Date: 9/8/20 9:29 am From: Nagi Aboulenein <nagi.aboulenein...> Subject: [obol] Re: Another optics related question
Yes, lens coating can be very sensitive to careless cleaning and once gone or scratched, the coating can’t be restored. Years, ago, after destroying the anti-glare coating on some of my eyeglasses by cleaning them too vigorously with whatever piece of cloth was nearest, I’ve learned my lesson and am now more careful.
My guess for “microcloth” would be microfiber cloth. Either the little eyeglass cleaning cloths (generally a very fine weave) or the coarser weave (but still very soft) larger microfiber cloths would qualify, I would think. The common aspect of all of them is that they are very soft and not scratchy. When using the larger clothes with the coarser weave I would recommend at least shaking them for a few seconds to make sure that any dust/sand/debris particles are gone. Cotton cloths (e.g., t-shirts) can have some hard fibers in them, but in a pinch, will do if used gently.
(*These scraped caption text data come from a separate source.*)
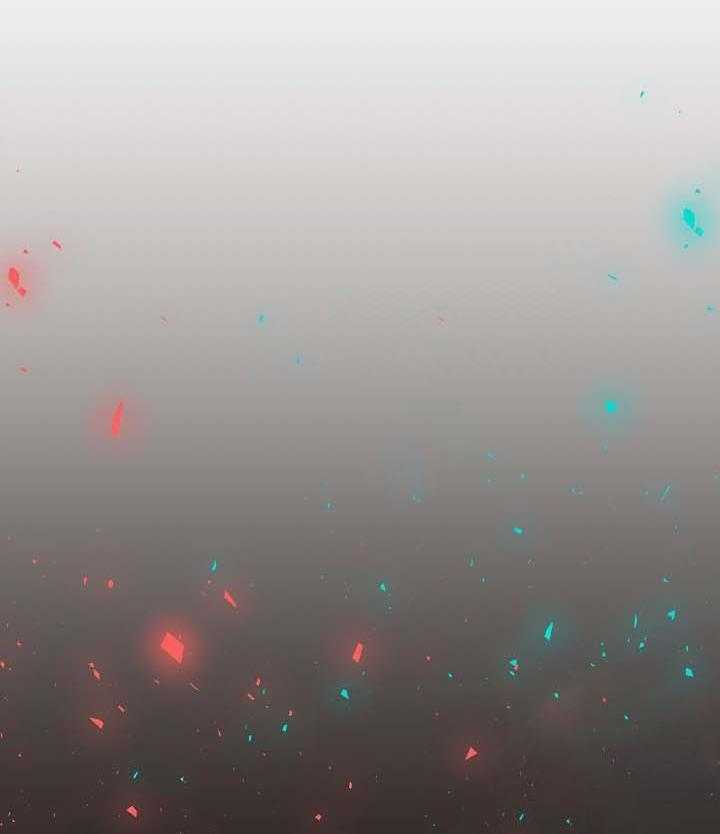 勾引alpha的方法（全集） - 第48话 我帮你洗 - 第7张图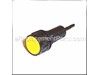 CAP OIL – Part Number: AR-880130
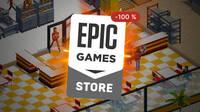 Ya disponible el nuevo juego gratis de Epic Games Store y anunciado el de la pr�xima semana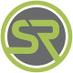 Sterling Ridge Ortho (@srosmathletes) Twitter profile photo Sterling Ridge Ortho (@srosmathletes) Twitter profile photo
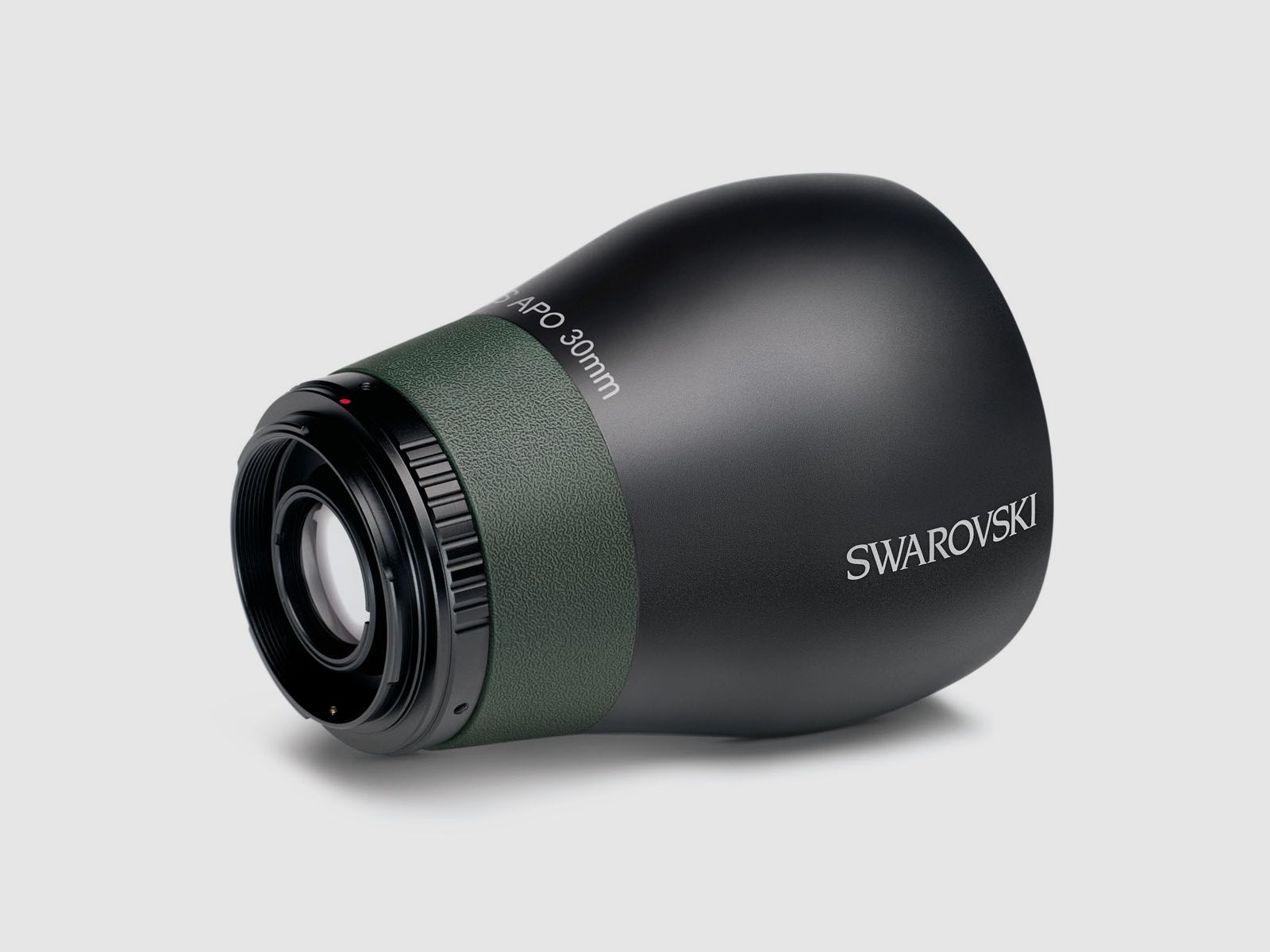 Swarovski TLS APO Apochromat  30mm für ATX/STX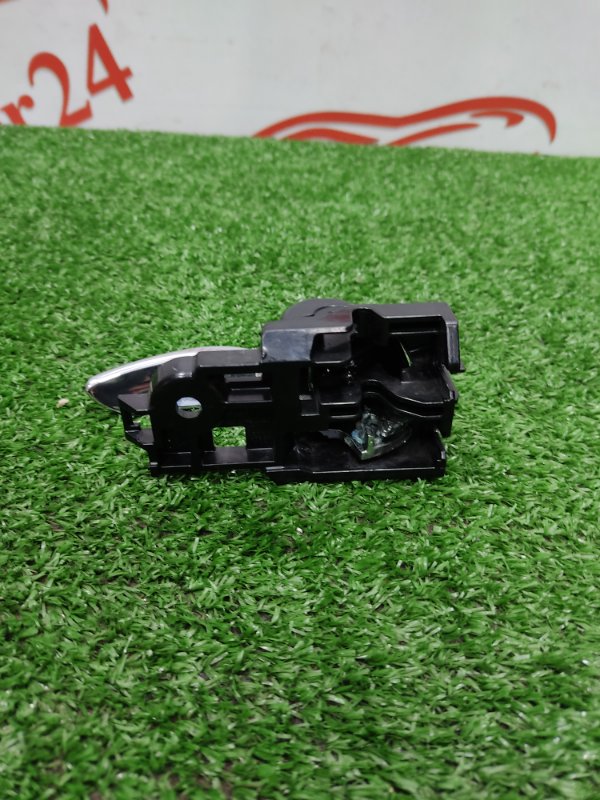 Ручка двери внутренняя, 1000 рублей, Красноярск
In theory the best approach is to use a lens-cleaning brush (compact, fits in a pocket like a pen) or blower to first get any sand/dust particles off the lens (see attached photo of blower), then use a lens cleaning cloth as above to gently wipe off. This is for dry cleaning of the lens. For other situations (e.g., salt water spray when at the beach, etc,) I wipe the lens with one or two alcohol-soaked lens cleaning wipe (e.g., Walmart carries excellent Zeiss lens-cleaning wipes at their optics departments).
Tissues, paper towels, TP all have little, often invisible, pieces of hard wood debris in them that don’t hurt our noses (or other parts), but that definitely are going to hurt your lens coatings.
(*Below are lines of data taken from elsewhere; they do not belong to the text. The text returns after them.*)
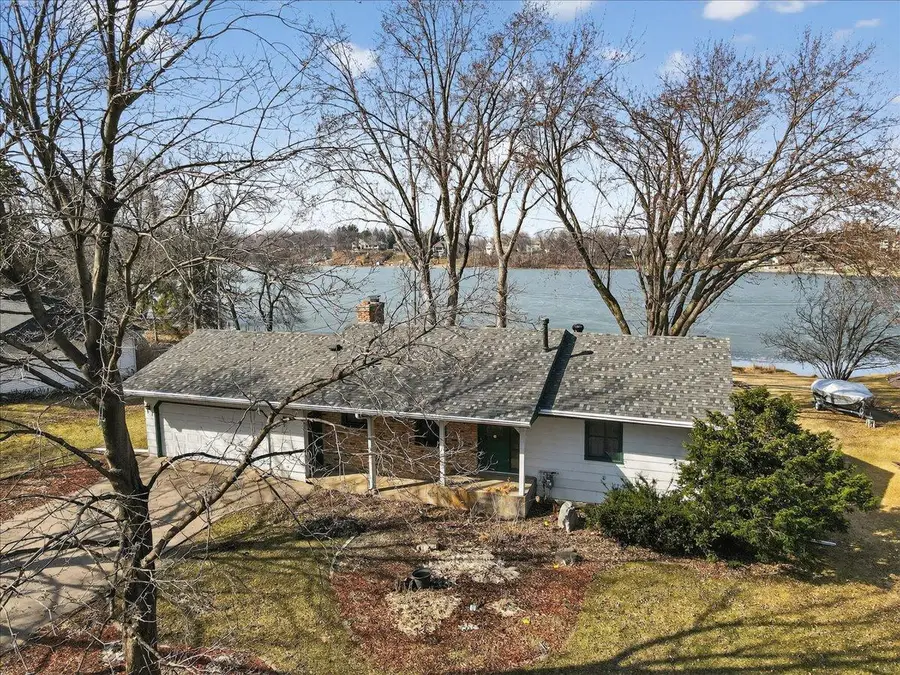 8123 Maple Lane N, Maple Grove, MN 55311 - #3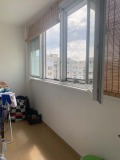 Дава под наем  1-стаен град София , Дружба 2 , 35 кв.м | 96994827 - изображение [6]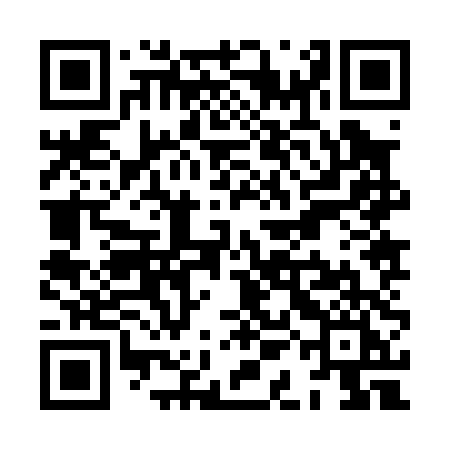QR code for XAJ04I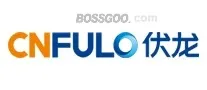 CNFULO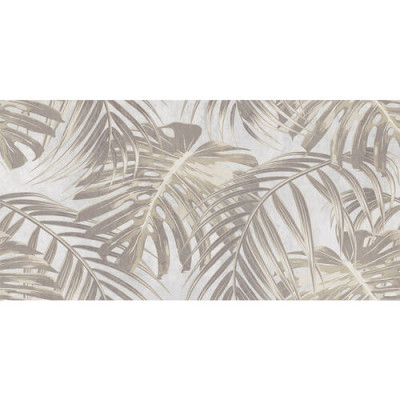 Плитка Golden Tile Harmony Tropics Микс HRБ151 30x60 см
On Sep 8, 2020, 08:48 -0700, larspernorgren <larspernorgren...>, wrote:
> Just what is a "microcloth"? Should I make an effort to use them over t-shirts, toilet paper, paper towels? In high school our physics teacher explained how the coatings on lenses worked, and how easily these delicate layers could be damaged by careless wiping. Everytime l get a new set of prescription glasses they come with a case and cleaning cloth. Every time l lose those glasses l keep the case and cloth. I have also acquired small pieces of textile targeted for lens care at symposia, complete with the event's logo.
> The various cloths in my possession are highly variable. Some are hard and smooth and make me think they might scratch the coating directly, or fail to absorb dust particles and blemish the coating by a sort of secondary action. Some of these cloths are very thick, pleasing to my fingertips. I fantasize such absorb the dust and lovingly cleanse the sullied lense. Even the best of textiles must eventually get clogged. Can they be cleaned, and how?
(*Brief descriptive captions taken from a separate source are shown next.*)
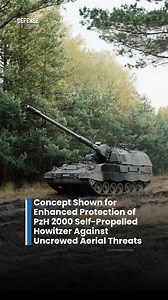 3.1K views · 77 reactions | A new concept for supplementary...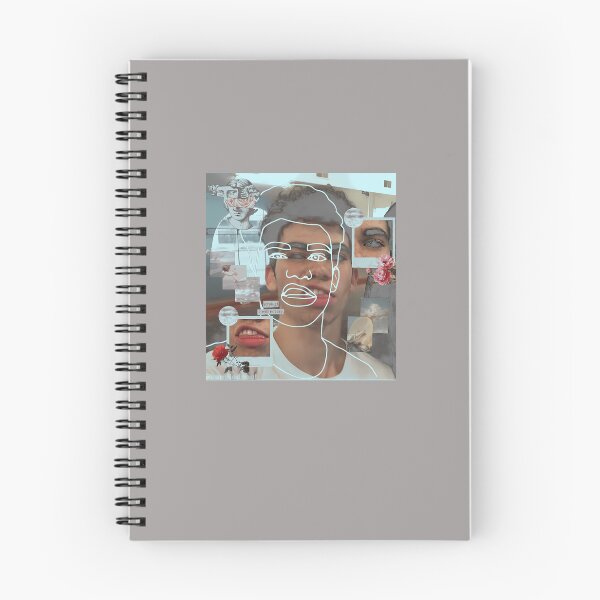 Item preview, CAMERON-BOYCE-FANART designed and sold by BeulahJHogue.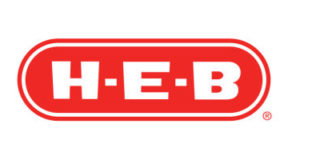HEB Locations and Hours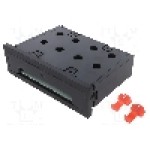 incarcator inductiv, {{Subtip conector intrare}}, neagra, 4CARMEDIA - 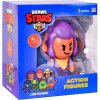 Alltoys akční 16,5 cm Brawl Stars 1 pack série 1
> Is it advisable to store clean cloths in a ziploc bag or other tightly sealed device? I always keep eye glasses in the glove box, and accompanying cloths in the glasses' case I got at time of purchase. Typically, after a drive from Fields to Roaring Springs my glove box has dust in it. So does the inside of most of the eyeglass cases. Isn't it probably worse to use a "micrcloth" drenched in road dust than an immaculate, disposable paper tissue? Will vigorous shaking render the dusty cloth safe? How about using drinking water for a field cleaning?